However, Victoria, as did other States, by legislation introduced a jury system.  Thus, the applicability of authority derived from pre-colonial common law may be limited.[29]

[27][1986] VR 707 (‘Chaouk’).

[28]Ibid 709.

[29]See Brownlee v The Queen (2001) 207 CLR 278, 286 [12] (Gleeson CJ and McHugh J) citing Herbert Evatt, ‘The Jury System in Australia’ (1936) 10 ALJ 49.

  1. Historically juries were required to remain together until they had delivered their verdict. They were kept together by an officer of the court who was sworn to keep them and to allow no one to speak with them or speak with them himself without court leave, save to ask whether they had agreed.[30]  Usually bailiffs, were sworn to the jury keeper’s responsibilities as early as 1686 – see the description given of the trial of Lord Delamere in Sir John Barry’s article ‘On the Segregation of Jurors’.[31]  The same article contains a description of a historical keeper’s oath.  This was taken from the 1796 trial for high treason of William Stone and is quite similar to the modern form of the oath:

[The] bailiffs were sworn well and truly to keep the jury, and neither to speak to them themselves, nor suffer any other person to speak to them touching any matter relative to this trial.[32]

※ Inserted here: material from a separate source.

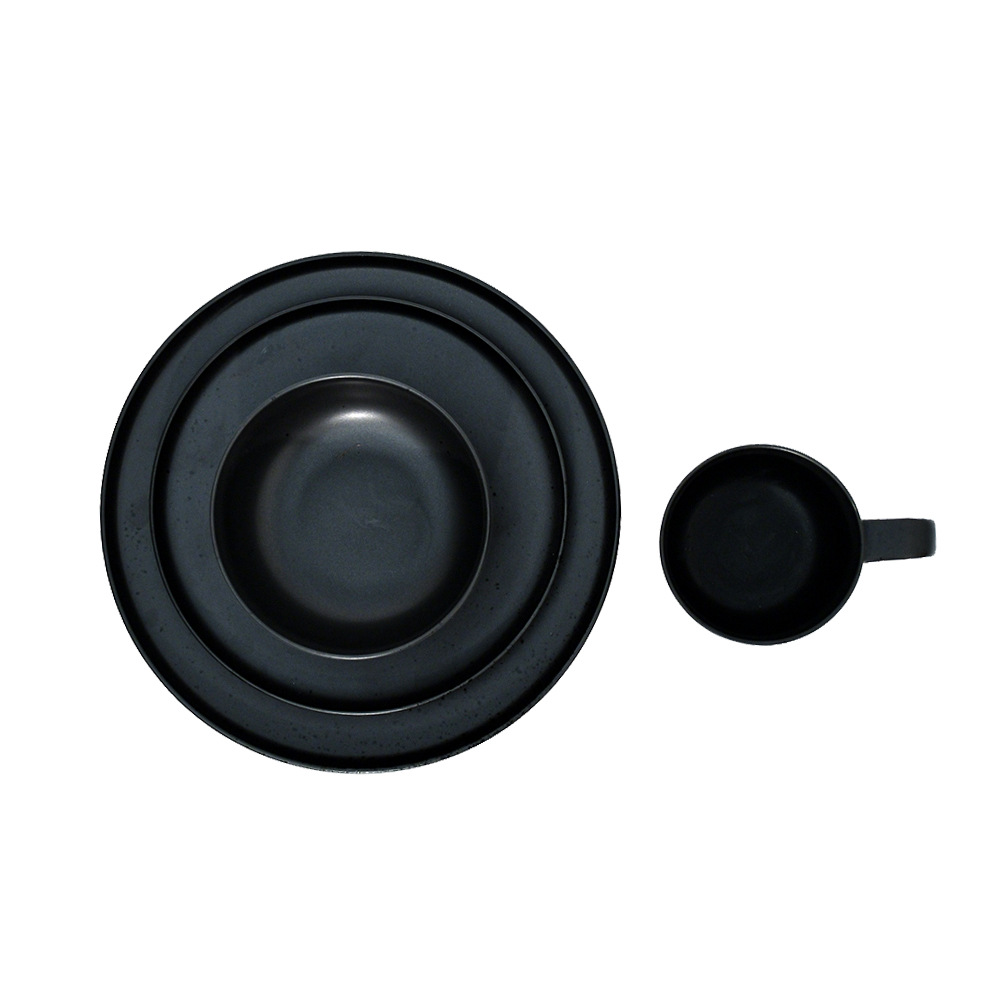 Juego de vajilla Juego de vajilla de cerámica Juego de vajilla negra de 16 piezas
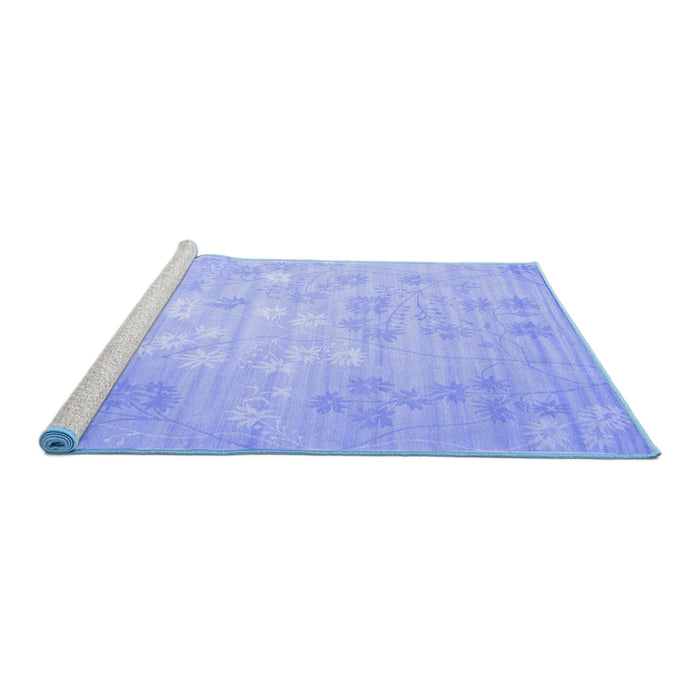 Sideview of Machine Washable Abstract Blue Contemporary Rug, wshcon1238blu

[30]Hale, Sir Matthew History of the pleas of the Crown (Nutt & Gosling, 1736), Vol 2, 296;  Archbold, John Archbold’s Pleading, evidence & practice in criminal cases (Sweet and Maxwell, 26th ed 1922), 218.

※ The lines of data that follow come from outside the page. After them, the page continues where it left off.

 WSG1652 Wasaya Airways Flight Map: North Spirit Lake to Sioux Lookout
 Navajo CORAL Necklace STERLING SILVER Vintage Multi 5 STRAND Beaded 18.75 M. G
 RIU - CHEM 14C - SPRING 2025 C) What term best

[31][1953] 6 Res Judicatae 139, 141.

[32]‘On the Segregation of Jurors’ 144 citing Howell, 25 State Trials 1295N.

  1. Another example of a historical jury keeper’s oath described as the ‘oath to bailiff when jury retires’ can be found in F A Stringer, Oaths and Affirmations in Great Britain and Ireland.[33]

    [33]Stephens & Sons Ltd, 3rd ed, 1910, 151.

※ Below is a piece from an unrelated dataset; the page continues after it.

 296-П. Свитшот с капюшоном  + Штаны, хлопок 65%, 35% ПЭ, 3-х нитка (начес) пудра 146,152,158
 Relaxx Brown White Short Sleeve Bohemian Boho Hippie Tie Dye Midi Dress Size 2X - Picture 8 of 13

  1. In Victoria, it was not until 1993 that juries were allowed to separate.[34]  If they are allowed to separate during deliberations, they must take an oath of separation which prohibits them from discussing any aspect of the trial with anyone other than members of the jury.

    [34]Section 51A of the Juries Act 1967, which provides for the separation of juries, was inserted into the Act in 1993 by the Juries (Amendment) Act 1993.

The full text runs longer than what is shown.